The lives of leaders, politicians, trial lawyers and advertising mavens offer up daily confirmation such a mechanism exists. Yet the rest of us find it harder to acknowledge that we might go about influencing others. It sounds calculating.
After all influence – as used in “trafficking in influence” – carries a lot of negative baggage. Wilfully shaping narratives to influence reality is the Machiavellian domain of TV villains like Kevin Spacey’s character Frank Underwood in the Netflix smash hit House of Cards. And we distrust marketers, self-promoters and influence-mongers.
Yet every single human communication involves some form of attempted persuasion. So perhaps we need a simpler, more transparent definition of influence for our day-to-day usage. The word that best defines the everyday practice of persuasion is charisma.
For a start, it’s neutral, while influence always implies an agenda or deliberate intention to deliver a certain outcome. But charisma is a largely automatic projection of charm, which disarms opposition and lowers barriers of disbelief. If influence focuses more on “hard power,” then charisma takes a smoother route to put us at our ease. Let’s say its style is more George Clooney than Kevin Spacey.
While students of power and influence will follow the glare of TV lights and policy switchbacks, followers of charisma take a holistic approach that’s applicable to every person, famous or not.

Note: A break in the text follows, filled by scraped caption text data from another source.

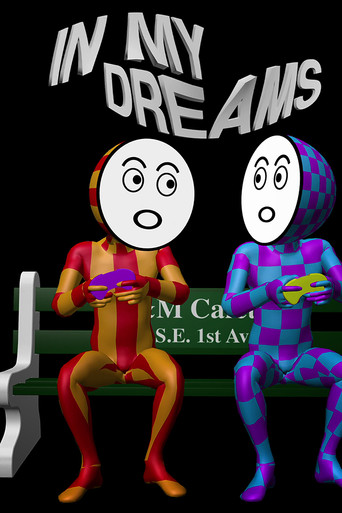 Movie poster for In My Dreams (2025)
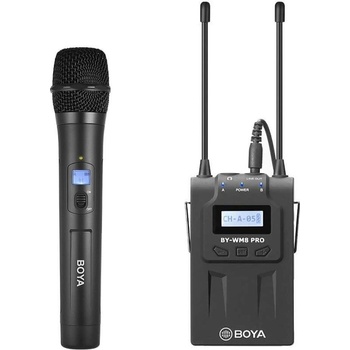 Boya BY-WM8
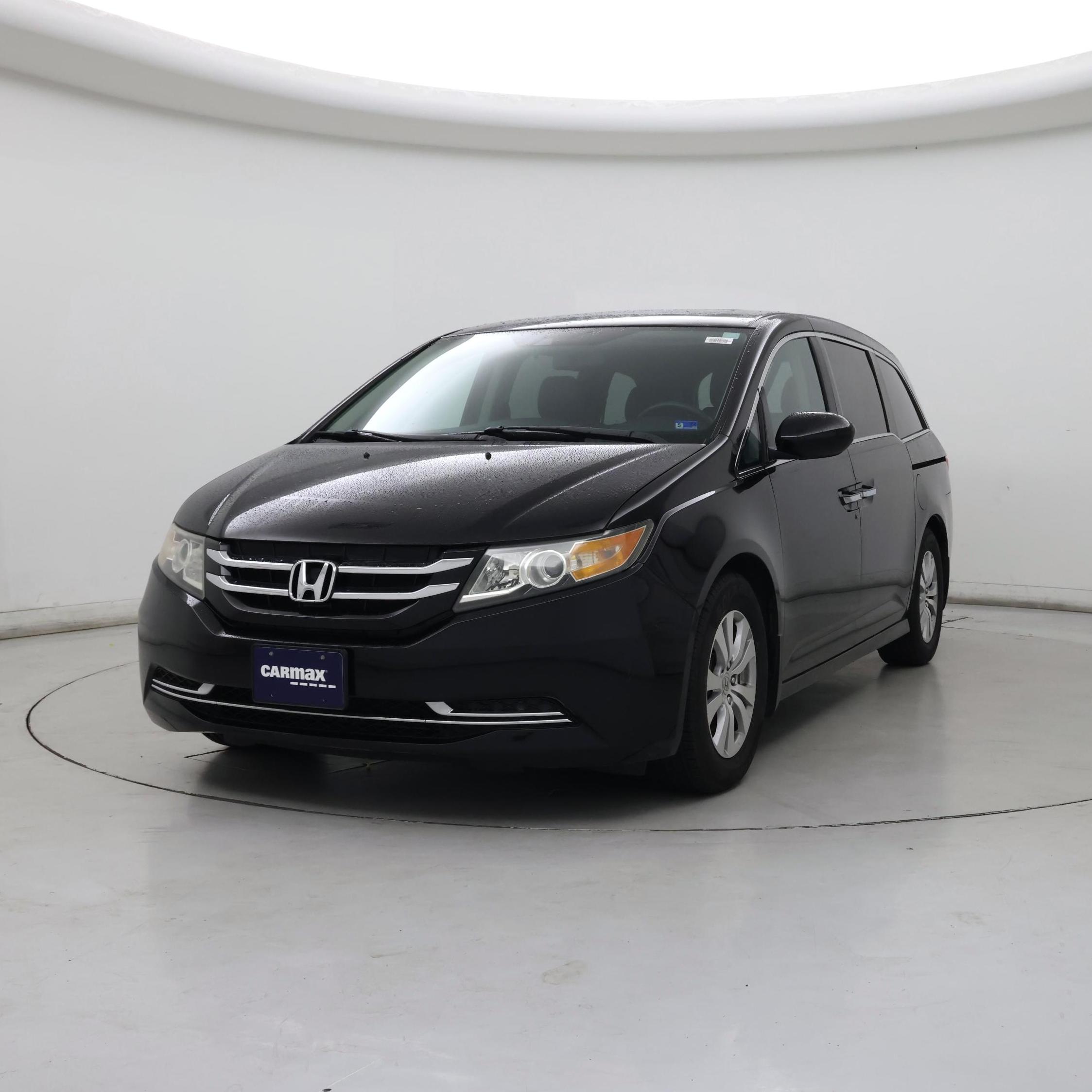 Thumbnail: 2016 Honda Odyssey - 4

And charisma works at every level to help is map, measure and manage the effect we have in our daily interactions.
This blog – and the entire Communicate Charisma methodology you’ll find on http://www.communicatecharisma.com – is all about becoming more conscious of the ways we influence those around us, and how we fathom these processes.

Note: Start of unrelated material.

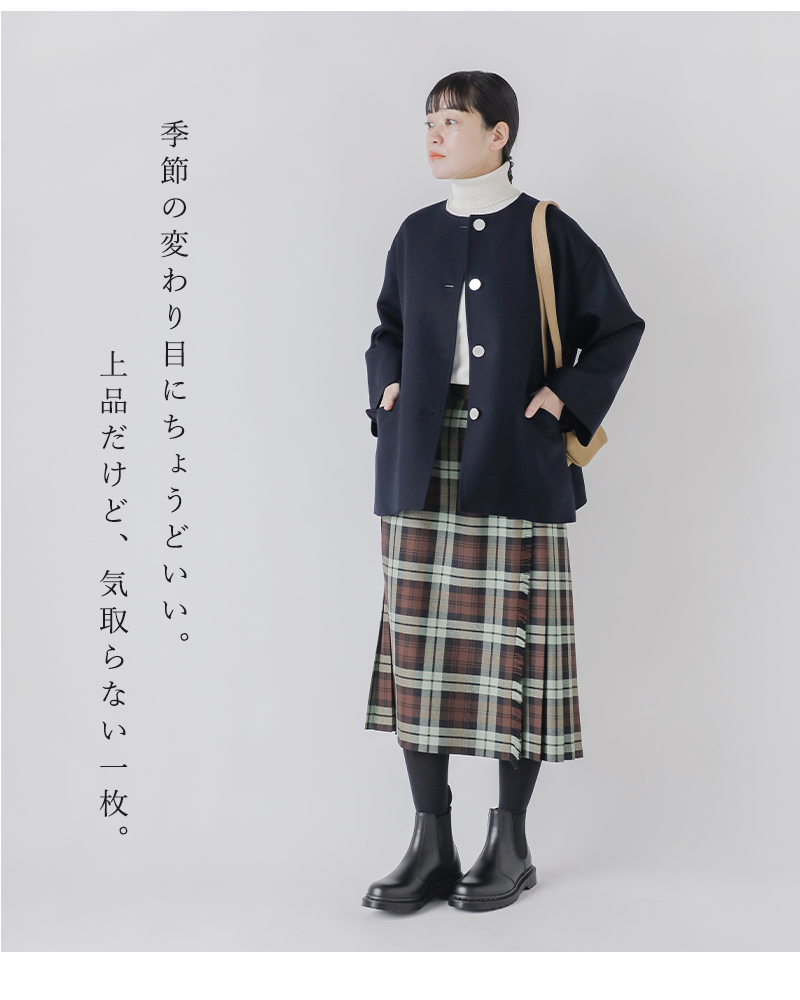 2025 Spring Summer Catalog - OUTER SELECTION - 都会派女子の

The Art of Rhetoric and After.
An alien touring our planet’s coffee shops, boardrooms, parliaments or school playgrounds might conclude that opinion formation is mankind’s primary activity. So what is everyone up to?
Let’s make a distinction. Power is the capacity to get others to do, or cease to do things. Power may be exercised through coercion (force or the threat of it), through suasion (enforcement of social rules) or through reward (material benefit). Influence is a subset of power. It doesn’t immediately change the situation, as power does.
Influence works via inducement or a ‘pitch’. This in turn creates a new viewpoint or changed perspective of the situation, leading to a subsequent change in another’s behaviour. So if you like, influence is a delayed exercise in power.
And, for clarity’s sake, I’d argue that persuasion is just one of the many ways we’re able to influence others to change their mindset. So persuasion is itself a subset of influence.
Now what’s astonishing isn’t how much we know about the way influence works – it’s how much we have forgotten. Because the subject has been intensively studied since Classical times.
Ever since the fifth century BC, when a shadowy figure from Syracuse named Corax emigrated to Athens with the first working draft of Rhetoric in his baggage, persuasion or opinion-formation has grown into one of the world’s largest industries. By some accounts, it now drives fully 20% of global GDP.
Born a century after Corax, Aristotle and his ‘Art of Rhetoric’ defined an emerging science of influence that blossomed into the MBA of the classical and late medieval worlds, stretching past Machiavelli and right into our modern age.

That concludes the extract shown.